Why Stay at Home Parents Should Consider Spousal IRAs

Why Stay at Home Parents Should Consider Spousal IRAs

By Britt Erica Tunick

For married couples who have more than one child it is not uncommon for one parent to stay at home and take time off from the work world. Unfortunately, for most people stopping work usually means that they stop contributing to their retirement savings as well.

Given the high cost of childcare in the United States, more and more couples with multiple children have one spouse take a leave of absence from their career in order to watch young children, as the cost of childcare often surpasses lost income. Absent a 401k plan or regular income, that usually means the retirement savings of the individual who is no longer working comes to a standstill, particularly since you need to have a job in order to open an IRA or to contribute to an existing one.
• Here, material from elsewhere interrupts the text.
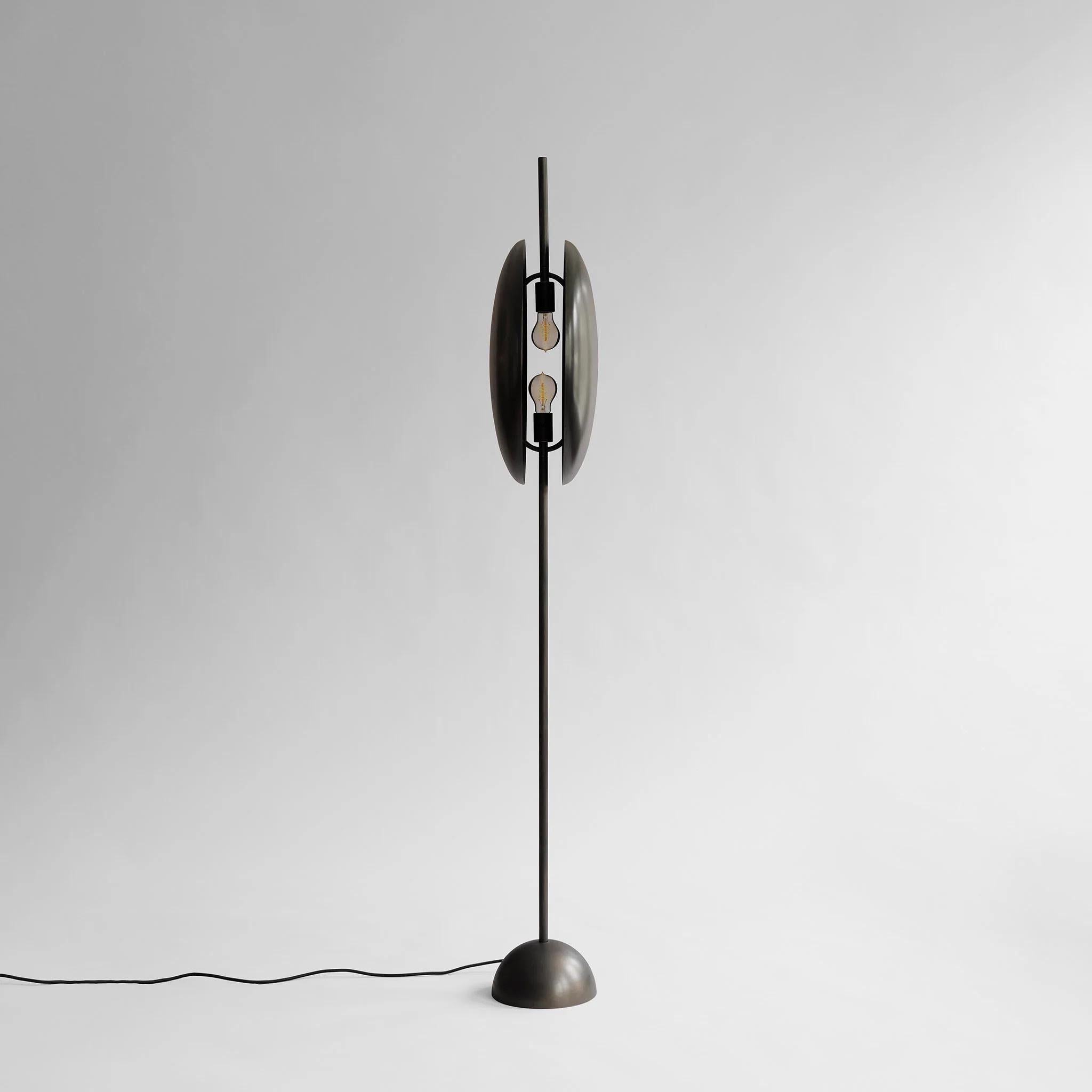 Lámpara de pie con acabado en bronce, obra contemporánea

Oculta entre dos pantallas metálicas circulares con los extremos ligeramente curvados, la fuente de luz se intensifica y se expresa en una experiencia de iluminación indirecta que cambia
There is, however, another option known as a spousal IRA.

Spousal IRAs allow someone who is working to contribute retirement savings on behalf of a non-working spouse, or a spouse whose income is minimal. As with traditional IRAs, it is possible to open either a traditional or a Roth IRA on behalf of a spouse –with taxes on the latter paid upfront, instead of at the time distributions are taken. There is also the added benefit of being able to take a tax deduction on any funds contributed in the same year.

As with traditional IRAs, a spousal IRA belongs solely to the individual whose name it is in. In order to make contributions, however, couples not only need to be married but they must also file joint tax returns.